Tone · Thoreau’s tone varies throughout the work. In some places he is mystical and
lyrical, as in the blue ice description in “Ponds.” He can be hardheaded and practical, as in
the accounting details of “Economy.” Sometimes he seems to be writing a diary, recording
the day’s events; other times he widens his scope to include the whole cosmos and all
eternity.
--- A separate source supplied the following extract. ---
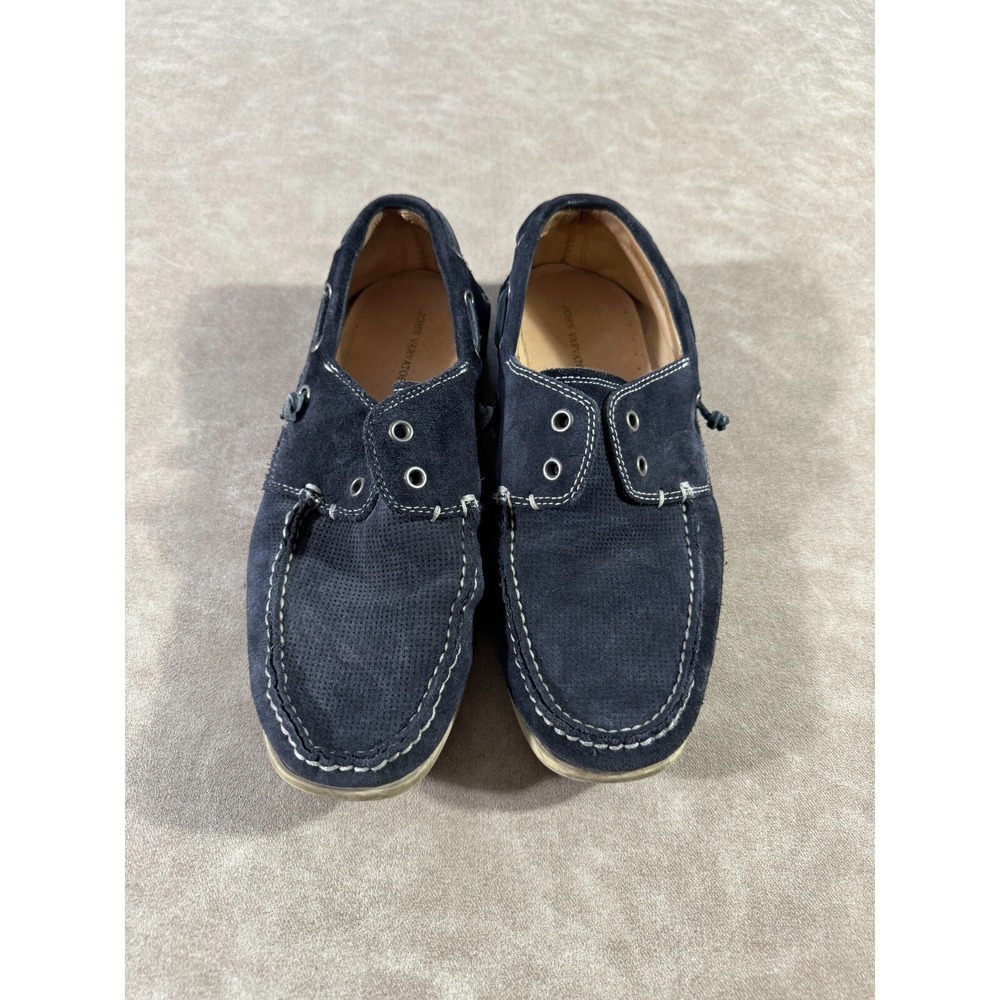 John Varvatos Mens Laceless Suede‎ Printed Round Toe Slip On Blue Boat Shoes 8M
In some places his style is neutral and observational, in other places powerfully
prophetic or didactic, as in the chapter “Conclusion.”
Tense · Thoreau uses the past tense for recounting his Walden experiments and the
present tense for the more meditative and philosophical passages.
Setting (time) · Summer 1845 through Summer 1847 (although the book condenses the
two years into one)
Setting (place) · Walden Pond
Protagonist · Henry David Thoreau
Major conflict · Thoreau resists the constraints of civilized American life.

Rising action · Thoreau builds a small dwelling by Walden Pond and moves to the
wilderness.
Climax · Thoreau endures the winter and feels spring’s transforming power arrive.
Falling action · Thoreau, accustomed to a solitary life in the woods, concludes his project
and moves back to Concord and social existence.
Themes · the importance of self-reliance; the value of simplicity; the illusion of progress
Motifs · the seasonal cycle; poetry; imaginary people
Symbols · Animals; ice; Walden Pond
Foreshadowing · Thoreau tells us in the first paragraph of the work that he has left Walden
Pond, foreshadowing the exit he narrates at the end.